I don't know(as always). I find my mind to be in a terrible state of conflict when i'm alone and left to my own devices. That's the hardest part. And like the cliche, i am my worse enemy. It's hard to conform to expectations. I fail terribly at that(why should i conform?). And yet i see a need to because of the fear of being ridiculed, the compulsive need to prove people wrong, and the want to show everybody that i'm not weak... All for the wrong reasons, no?

Is it rational for me to be glad that my arthritis is taking a back seat? I think it'll be safer to do so after i see my rheumy next week. It can be so unpredictable at times- you have no telling when it's coming back. I do like some form of warning though... I don't like sulfasalazine at all. I feel it does little for me. The 6 pills a day regime is so taxing because it's twice a day. I'm perfect with once a day, but with this damn SSZ, i always forget to take my morning dose, leaving me a little frazzled and doing WRONG things like taking double dose at night(so so so wrong i know, i've done it SO MANY TIMES).
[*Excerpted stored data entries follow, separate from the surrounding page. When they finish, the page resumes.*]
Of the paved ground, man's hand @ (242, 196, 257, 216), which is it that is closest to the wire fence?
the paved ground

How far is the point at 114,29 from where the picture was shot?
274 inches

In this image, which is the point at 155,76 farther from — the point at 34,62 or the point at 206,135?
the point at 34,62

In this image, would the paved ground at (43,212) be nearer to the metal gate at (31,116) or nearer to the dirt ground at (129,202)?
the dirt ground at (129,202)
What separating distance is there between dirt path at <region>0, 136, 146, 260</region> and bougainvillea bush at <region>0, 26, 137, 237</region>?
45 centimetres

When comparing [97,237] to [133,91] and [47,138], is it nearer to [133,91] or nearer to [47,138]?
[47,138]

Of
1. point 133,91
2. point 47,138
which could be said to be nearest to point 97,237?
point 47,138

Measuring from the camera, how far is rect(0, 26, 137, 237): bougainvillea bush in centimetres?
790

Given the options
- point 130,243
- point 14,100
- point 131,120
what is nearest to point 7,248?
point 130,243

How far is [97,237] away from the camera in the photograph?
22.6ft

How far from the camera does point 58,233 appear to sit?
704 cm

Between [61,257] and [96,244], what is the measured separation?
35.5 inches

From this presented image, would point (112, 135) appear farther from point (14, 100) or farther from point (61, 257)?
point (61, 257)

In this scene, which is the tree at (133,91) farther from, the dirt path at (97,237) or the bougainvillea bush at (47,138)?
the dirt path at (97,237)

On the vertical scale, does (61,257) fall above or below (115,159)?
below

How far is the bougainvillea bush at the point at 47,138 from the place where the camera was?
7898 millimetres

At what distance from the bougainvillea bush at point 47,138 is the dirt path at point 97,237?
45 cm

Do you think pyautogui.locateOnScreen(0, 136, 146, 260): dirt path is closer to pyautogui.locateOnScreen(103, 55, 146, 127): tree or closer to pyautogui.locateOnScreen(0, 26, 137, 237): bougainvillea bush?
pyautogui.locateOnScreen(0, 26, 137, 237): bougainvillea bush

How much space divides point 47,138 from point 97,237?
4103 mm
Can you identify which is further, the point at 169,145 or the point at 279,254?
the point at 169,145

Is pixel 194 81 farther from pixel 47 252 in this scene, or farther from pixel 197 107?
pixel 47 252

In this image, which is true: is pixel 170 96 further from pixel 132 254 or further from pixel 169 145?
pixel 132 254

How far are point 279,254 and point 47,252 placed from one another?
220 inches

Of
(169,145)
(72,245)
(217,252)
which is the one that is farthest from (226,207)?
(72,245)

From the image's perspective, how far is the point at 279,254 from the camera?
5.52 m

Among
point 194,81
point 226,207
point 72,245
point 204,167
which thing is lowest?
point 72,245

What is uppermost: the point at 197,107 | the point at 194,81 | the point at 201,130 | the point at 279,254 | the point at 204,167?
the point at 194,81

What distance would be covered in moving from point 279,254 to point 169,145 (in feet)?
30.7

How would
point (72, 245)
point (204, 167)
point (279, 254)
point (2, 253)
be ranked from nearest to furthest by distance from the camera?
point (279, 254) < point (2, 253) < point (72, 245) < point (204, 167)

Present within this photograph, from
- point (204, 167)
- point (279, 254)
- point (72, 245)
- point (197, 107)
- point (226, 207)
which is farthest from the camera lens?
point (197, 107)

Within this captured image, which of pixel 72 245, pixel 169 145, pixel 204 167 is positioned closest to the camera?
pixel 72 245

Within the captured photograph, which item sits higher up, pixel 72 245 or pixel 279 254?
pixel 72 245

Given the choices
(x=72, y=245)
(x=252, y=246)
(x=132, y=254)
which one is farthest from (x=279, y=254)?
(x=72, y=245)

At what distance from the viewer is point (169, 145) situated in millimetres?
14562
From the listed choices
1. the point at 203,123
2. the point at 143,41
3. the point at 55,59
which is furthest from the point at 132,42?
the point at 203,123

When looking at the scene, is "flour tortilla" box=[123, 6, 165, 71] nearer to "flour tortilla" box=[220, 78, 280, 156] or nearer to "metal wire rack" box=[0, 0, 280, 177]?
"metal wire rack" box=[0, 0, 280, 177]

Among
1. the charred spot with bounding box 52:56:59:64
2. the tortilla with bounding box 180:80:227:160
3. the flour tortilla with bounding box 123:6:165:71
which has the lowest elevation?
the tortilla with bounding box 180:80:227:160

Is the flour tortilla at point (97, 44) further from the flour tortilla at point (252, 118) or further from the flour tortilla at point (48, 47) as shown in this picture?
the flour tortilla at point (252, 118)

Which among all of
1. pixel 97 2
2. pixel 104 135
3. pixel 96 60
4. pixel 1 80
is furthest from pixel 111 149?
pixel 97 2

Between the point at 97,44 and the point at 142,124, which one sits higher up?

Plus the pills are so freaking big and i have to buy so many bottles of it just to last me till my next visit. I'll ask my rheumy about it, but only if i remember, and dare to...


I went for ballet class today(after eons!) and boy did i feel pathetic. Ok i WAS pathetic. I'm disappointed in myself because i have made zero progress this whole year with so many hiatus. It's almost like i'm back to status quo. And again, i was left to face the evil mirror in the unforgiving attire. What can i say? Utterly disgusted at the reflection i saw. DISGUSTING. Everything about me in ballet is just disastrous.


*sigh* Why can't i love myself more?